Jennifer reflected on what she saw to be a failure of UCL’s employees to not only understand that this was a hate crime, but appropriately handle it. To resolve this incident, she would like to see a:

“written apology from the guard in question and for some sort of equality training for UCL’s security guards to be considered. This equality training could focus on discrimination and the legal duties of UCL to protect its students and staff and how abuse/intimidating behaviour is defined within the law. And how to deal with situations that can be unsafe i.e not to confront perpetrators, calling them ‘sir’, to politely ask if they committed the alleged crime etc… whilst lambasting the victim and making them available to the perpetrator once again.”

To date, Jennifer still has no apology from the security guard that mishandled the incident and mistreated her.

But Jennifer also believes that what she experienced wasn’t a one off incident, but a structural problem facing many students and staff. She also stated that:

“how that played out is I think if I were a man my word would’ve been taken more seriously by the male security. I repeated over and over that what took place was illegal and none of them believed me. It was like they refused to accept I could have knowledge they didn’t have.

This is also why I believe they were friendly with the shouter of homophobic abuse and believed him when he denied it. He’s a man like them, they felt they could relate to him and blatantly felt more comfortable believing a male perpetrator over a female victim. This is part of how victims are regularly blamed in society.”

Homophobia is still widespread in many university campuses in the UK, and many universities are failing to adequately tackle it. The Independent reported that 49% of universities do not have a policy on sexual and homophobic harassment.

Speaking to NUS LGBT+ Officer Fran Crowling, she elaborated more on this research, arguing that

 “…it is clear that Universities need to be doing more to ensure the safety and well-being of their LGBT students.  The report ‘Beyond the Straight and Narrow’ found that 1 in 5 LGB+ students and 1 in 3 experience harassment and bullying. Trans students are also twice as likely that their LGB+ peers to experience harassment, threatening behaviour or experience physical assault on campus.”

Much of this is just what Natalie James is working to resolve at UCL, starting with the Zero Tolerance to Sexual Harassment campaign. It wouldn’t directly deal with LGBT+ issues, but she did go on to say that:

 “it will be giving information to security staff on how to deal appropriately with disclosures of harassment (e.g. how they should treat someone reporting, what information they should be providing, what they absolutely should not be saying). Ensuring that Security are confident in knowing how to deal with reports of harassment/abuse is a starting point for UCL in offering greater support to both LGBT+ staff and students. As I said before, Security are often a first port of call, and we need to ensure that UCL’s immediate responses to homophobia are appropriate and sensitive, so as not to cause extra difficulty and distress. Of course, this is not the only thing that UCL could be doing – but making sure that our security staff have appropriate training is a very clear starting point.”

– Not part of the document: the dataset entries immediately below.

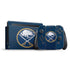 NHL Buffalo Sabres Distressed Nintendo Switch Bundle Skin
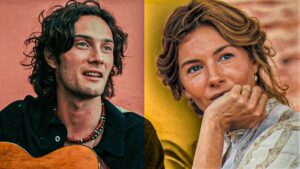 How Did Sienna Miller and Oli Green Meet and What’s the Age Difference Between Them? 3 How Did Sienna Miller and Oli Green Meet and What’s the Age Difference Between Them?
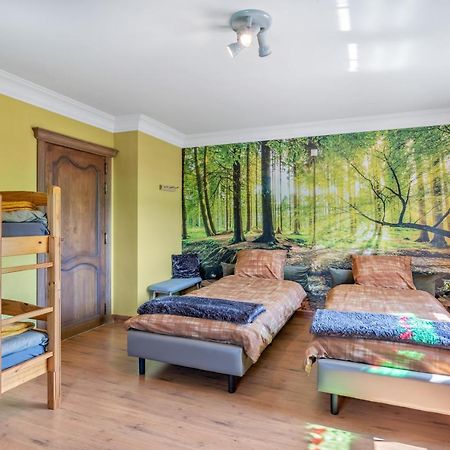 Huize Koedoe Villa Tongeren Exterior foto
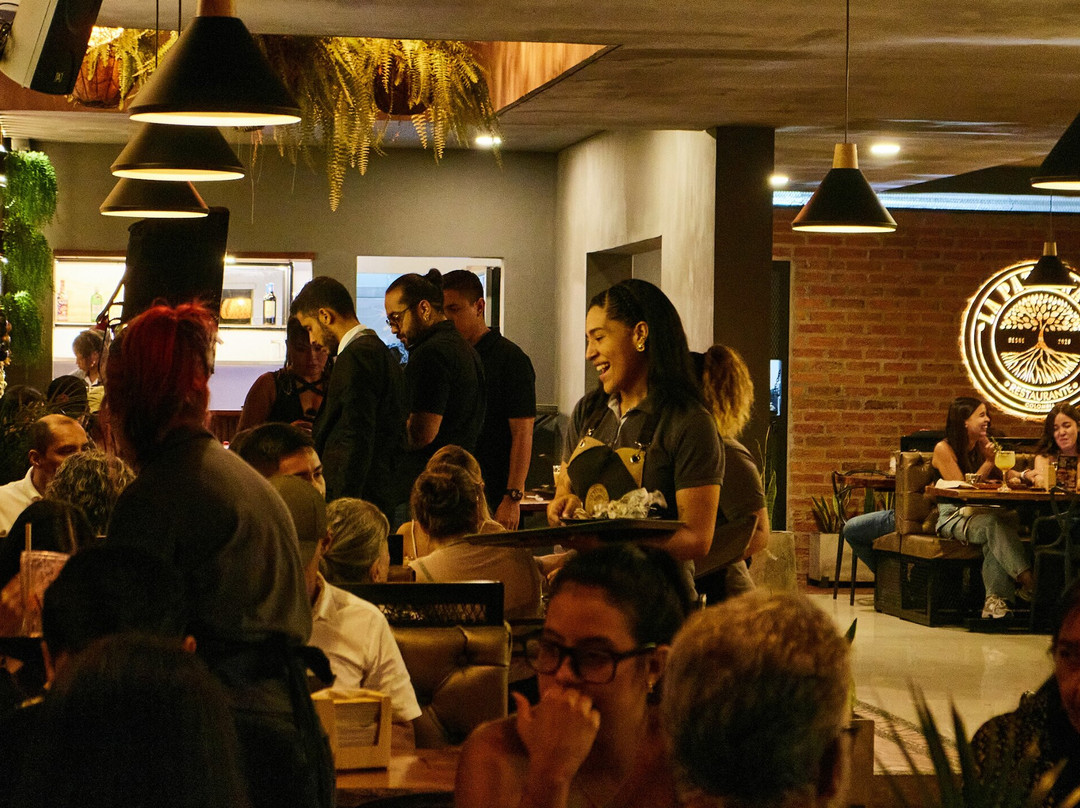 La Patrona ST - Las Mercedes Palmira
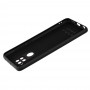 Чохол для Xiaomi Redmi Note 9 Wave colorful black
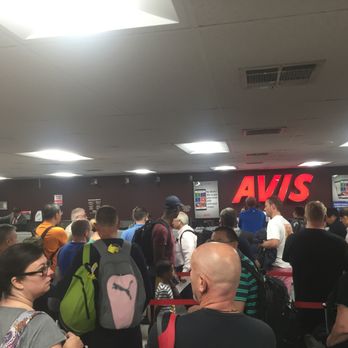 Avis - August 1, 2018 at 8:29pm - Car Rental Near Me - Los Angeles, California Avis - August 1, 2018 at 8:29pm - Car Rental Near Me - Los Angeles, California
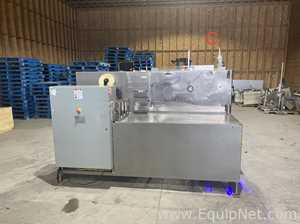 Armadora de Cajas Combi Packaging Systems LLC 2EZSB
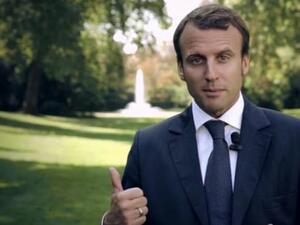 Френският министър на икономиката се готви да подаде оставка, включва се в кандидат-президентската надпревара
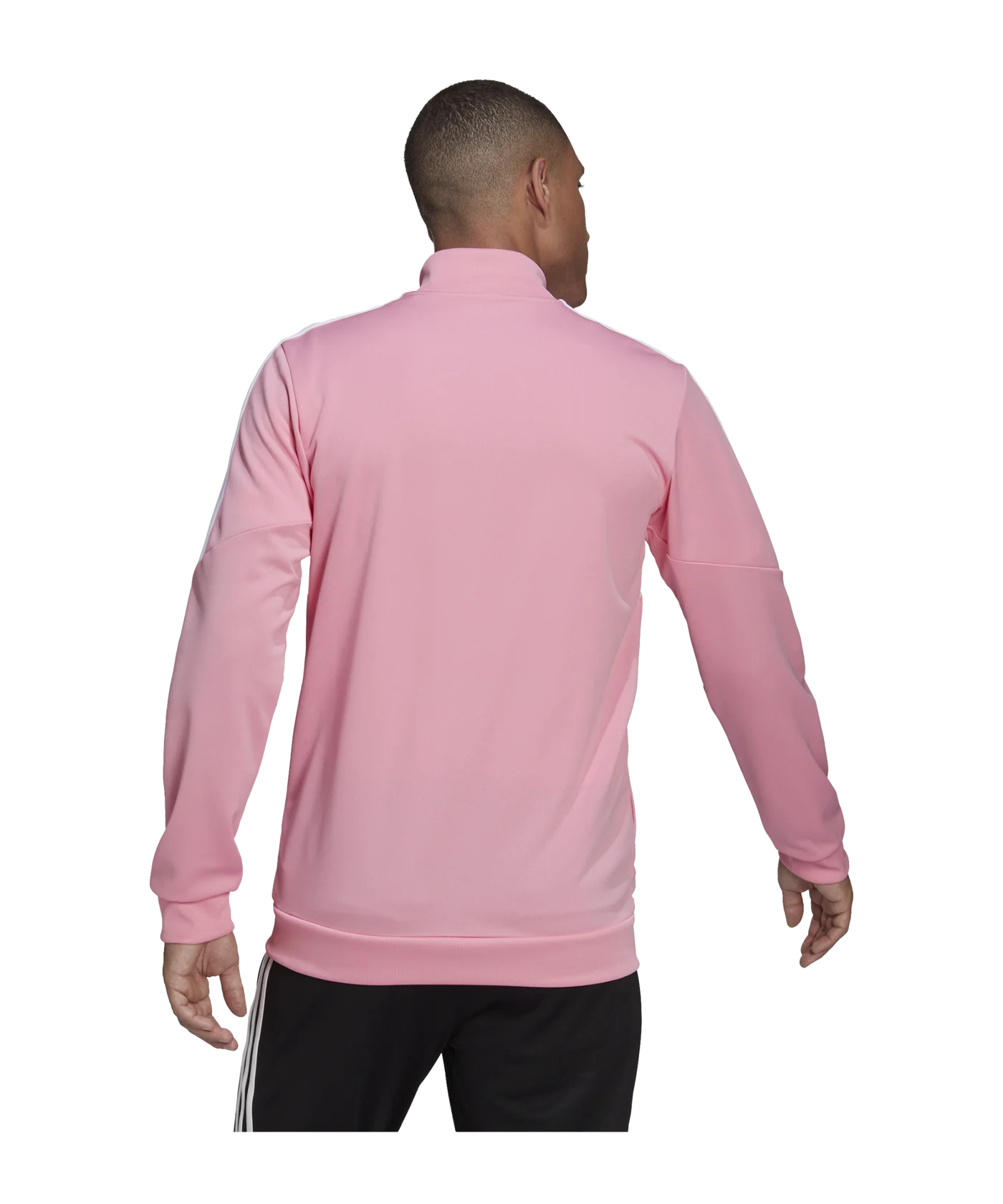 adidas Condivo 22 TK Trainingsjacke Rosa Weiss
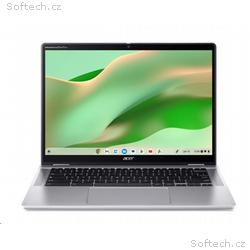 ACER NTB Chromebook Spin 314 (CP314-2HN-C7XU),N100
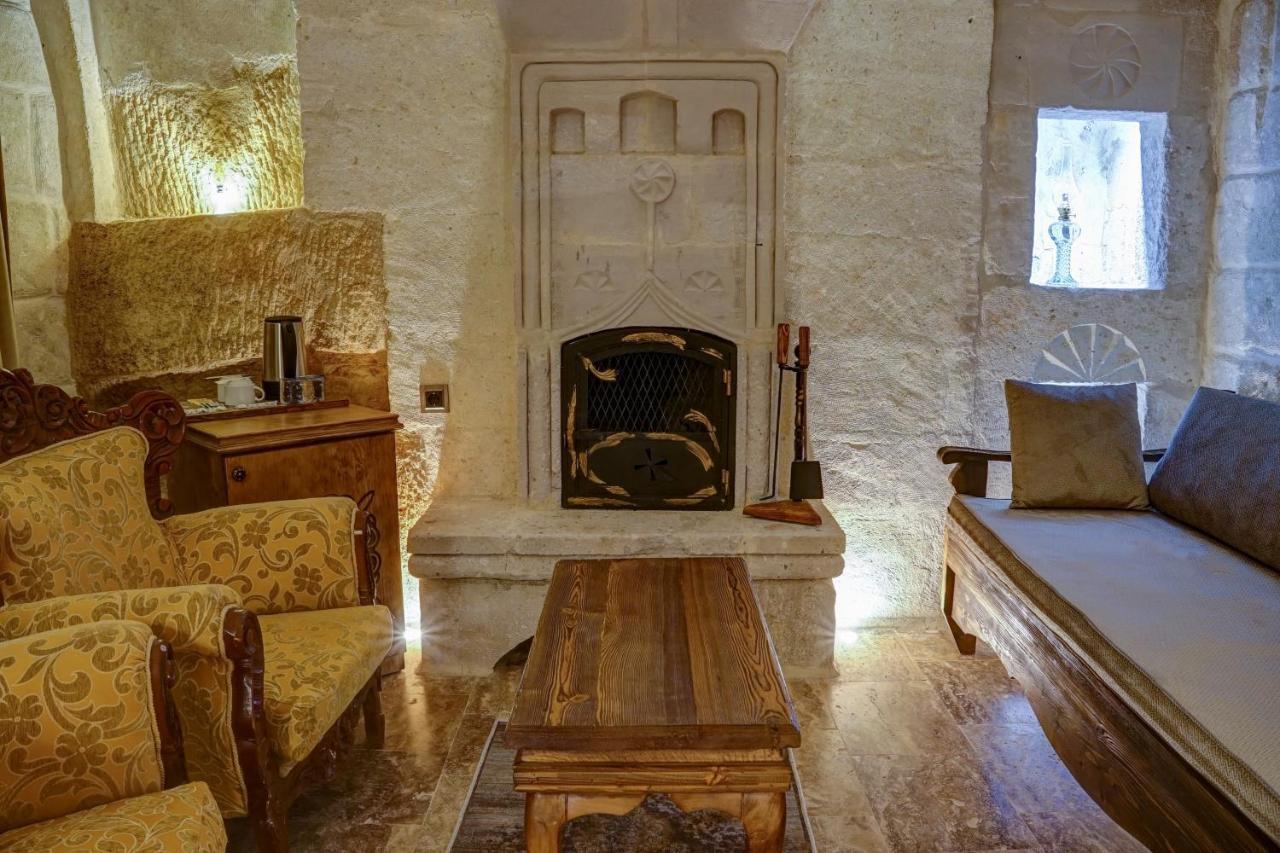Dionysos Cave Cappadocia Hotel أوروغوبْ المظهر الخارجي الصورة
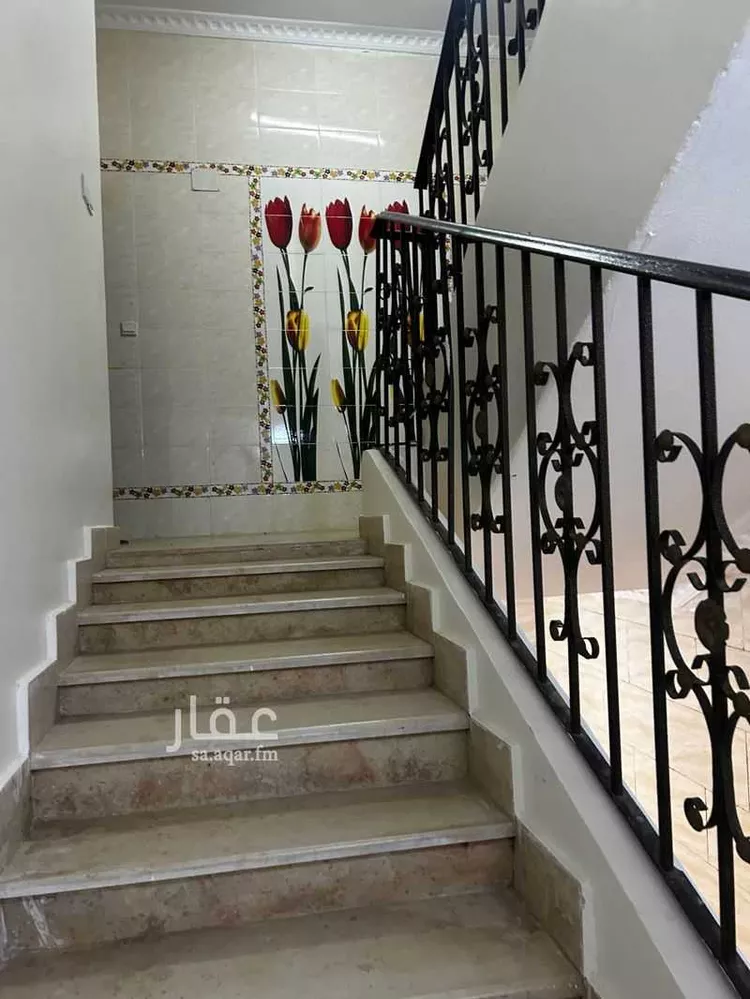 شقة للإيجار في شارع مرثد بن حصن, حي بنى بياضة, مدينة المدينه المنوره, منطقة المدينة المنورة صورة 3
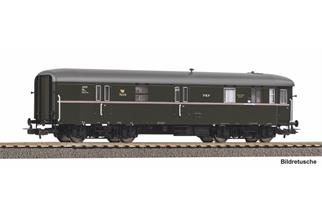 Piko H0 PKP Postwagen, Ep. III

She also stated that “this contributes to higher drops out rates of LGBT+ students, poor mental health, and LGBT+ students under achieving during their studies.” While Jennifer did not indicate that she was planning to drop out, the experience was incredibly unpleasant for her and she does not feel comfortable approaching security for assistance again.

Due to the continued work of the NUS and activists to combat homophobia on campus, including outreach and events such as LGBT History Month, there is an increasing cultural acceptance for sexual and gender diversity at UK universities. Despite this, Jennifer Izaakson’s case and many others provides strong evidence that there is still work to do in this area, which manifests itself in, for example, a lack of policy and training on how to adequately assist students who suffer hate crimes on campus. Without these necessary processes, any university will be failing to protect a large part of its student body.  It is absolutely clear that LGBT staff and students such as Jennifer still do not have the support they demand and require.